Plan of Lansbury ‘Live Architecture’ Exhibition, Poplar
The Agony and Ecstasy of Cumberland Basin
Cumberland Basin sits in the south-west corner of Bristol’s complex system of waterways. The River Avon flows into the city under the iconic suspension bridge and here it divides into the Floating Harbour, kept behind lock and quay and the ‘New Cut’ which carries the tidal flow under the belly of the city’s docks until they both meet up again the other side of Temple Meads.
In the 1960s Bristol’s civic planners had a grand idea to solve traffic gridlock in the city centre. A huge ring-road was envisaged encircling the centre of the city and forming the inner most of several concentric circles. The proposed road cut through swathes of Hotwells and Canon’s Marsh and clipped the back of the city centre going along Park Row and round to Redcliffe and Bedminster. As with most of the grand civic plans of the 60s it was cut short by the conservationist and environmentalist movements of the late 70s and 80s. Evidence of the partial implementation of the plan can be seen across the city today. St James’ Barton Roundabout (aka the Bear Pit), the underpasses at Temple Way and the Parkway are all perhaps dubious testament to what was actually achieved.
A glimpse of the overall vision can be seen at Cumberland Basin, here the scheme as planned was completed fully and it’s quite a sight if you’re paying attention. The roads here criss-cross over three bridges, across locks and basins and in between fitting snugly onto islands that seperate the serene Floating Harbour and the muddy Avon. Coming from the city along Hotwells Road you come from a standard urban trunk road onto a miniature motorway with overhead signs pointing to such exotic locations as Taunton, Bristol Airport and Portishead. The one way system takes you over, around and under the bridges and slip roads before you come out either heading under the Suspension Bridge or out to the next concentric circle, the Avon Ring Road.

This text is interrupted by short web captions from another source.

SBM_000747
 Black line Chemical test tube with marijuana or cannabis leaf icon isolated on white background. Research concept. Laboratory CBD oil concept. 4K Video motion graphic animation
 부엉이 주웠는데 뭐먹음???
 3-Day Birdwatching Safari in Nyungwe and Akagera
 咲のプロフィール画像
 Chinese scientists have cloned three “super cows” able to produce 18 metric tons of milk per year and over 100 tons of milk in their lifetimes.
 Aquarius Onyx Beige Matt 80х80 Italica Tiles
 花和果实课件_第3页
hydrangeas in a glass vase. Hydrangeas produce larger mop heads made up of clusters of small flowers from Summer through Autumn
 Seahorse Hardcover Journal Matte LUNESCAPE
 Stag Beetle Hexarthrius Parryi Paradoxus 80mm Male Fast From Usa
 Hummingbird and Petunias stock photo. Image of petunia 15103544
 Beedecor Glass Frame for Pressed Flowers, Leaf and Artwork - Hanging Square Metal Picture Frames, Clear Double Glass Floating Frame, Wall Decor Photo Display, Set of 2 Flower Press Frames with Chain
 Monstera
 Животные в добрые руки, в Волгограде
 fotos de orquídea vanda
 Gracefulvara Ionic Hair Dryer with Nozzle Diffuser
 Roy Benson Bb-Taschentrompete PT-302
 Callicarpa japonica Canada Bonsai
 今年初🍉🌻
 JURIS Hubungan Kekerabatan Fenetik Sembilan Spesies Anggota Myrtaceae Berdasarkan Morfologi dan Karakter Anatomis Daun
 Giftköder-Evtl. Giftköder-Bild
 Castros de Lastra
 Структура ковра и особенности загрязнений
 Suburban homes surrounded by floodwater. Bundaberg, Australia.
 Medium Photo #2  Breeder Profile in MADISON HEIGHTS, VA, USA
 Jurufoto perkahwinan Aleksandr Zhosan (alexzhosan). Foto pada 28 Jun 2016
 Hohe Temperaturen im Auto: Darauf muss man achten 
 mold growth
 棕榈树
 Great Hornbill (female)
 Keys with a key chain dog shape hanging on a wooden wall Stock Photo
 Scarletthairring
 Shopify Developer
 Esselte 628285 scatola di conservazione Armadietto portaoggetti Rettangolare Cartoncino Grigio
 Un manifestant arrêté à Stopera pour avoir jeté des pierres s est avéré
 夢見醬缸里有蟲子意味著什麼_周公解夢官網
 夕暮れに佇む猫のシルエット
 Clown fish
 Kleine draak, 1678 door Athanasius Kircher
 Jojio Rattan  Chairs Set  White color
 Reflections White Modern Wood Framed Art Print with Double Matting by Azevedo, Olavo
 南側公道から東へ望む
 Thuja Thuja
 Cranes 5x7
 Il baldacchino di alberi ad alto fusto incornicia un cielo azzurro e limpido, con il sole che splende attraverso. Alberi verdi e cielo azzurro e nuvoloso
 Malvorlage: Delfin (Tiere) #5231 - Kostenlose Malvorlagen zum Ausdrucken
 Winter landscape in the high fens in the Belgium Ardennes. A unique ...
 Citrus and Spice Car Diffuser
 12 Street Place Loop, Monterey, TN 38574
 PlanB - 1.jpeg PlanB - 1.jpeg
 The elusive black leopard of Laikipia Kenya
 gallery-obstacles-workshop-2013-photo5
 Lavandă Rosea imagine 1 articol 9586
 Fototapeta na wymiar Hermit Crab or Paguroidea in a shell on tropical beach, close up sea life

This is the pinch point for Bristol’s edgelands. The steep hills heading out of the city here constrict urban development, Leigh Woods and Ashton Court roll over the undulations and built-up Clifton perches opposite. There’s no smooth transition from grand Georgian terraces to rolling farmland. It’s all very jilting. This also means that Cumberland Basin is where the outer ring road is squeezed into the inner ring road bringing a great deal of traffic hurtling toward what was, until the 1960s a singular bridge.
I find in the system glimpses of the architect’s sketches I’ve seen in planning documents of the time. The pedestrian entrances have spiral staircases that lead to inelegant perspex and concrete bus shelters. The control tower seems to be taken straight out of the Festival of Britain, it perches atop a slender pole looking down over the Plimsoll Swing Bridge. One of the slip roads curves salaciously leaving a circular patch of grass on which I found daffodils and a UWE student reclining. Underneath some of the many on-ramps Bristol City Council has utilised the dead space by squeezing a depot and offices into the voids.
Further along the road curves off southward and is lifted off the ground by slender struts, a cycle path runs underneath and the surrounding area is green and lush and surprisingly quiet. Sustrans have had a hand here in recent years, criss-crossing the area with cycle paths and pedestrian routes. Spike Island on which the entire road system is sat has two large tobacco warehouses one of which houses a very millennial creative arts centre and record office.
As you look back at the concrete bridges and waves of traffic you can see why someone who hurtles across in 20 seconds might think nothing of the system. Looking from the stately suspension bridge down onto the Ballardian bridges you can see why without thought someone might brand it ugly and monstrous. Not me though, I can see the intent here and it’s honourable, the pedestrian isn’t left to run across roads or dive into dank subways, they are given grassy walkways, spiral staircases and protection from the elements. Drivers are eased onward, swept up from the ring road and taken along the river, up into Clifton or down into suburbia.
I’m not saying we should have demolished massive parts of Jacob’s Wells Road to join up the dots of this ambitious scheme. I just wanted to consider the scheme in context and perhaps imagine how Bristol would have looked if the ‘66 civic plan had gone ahead.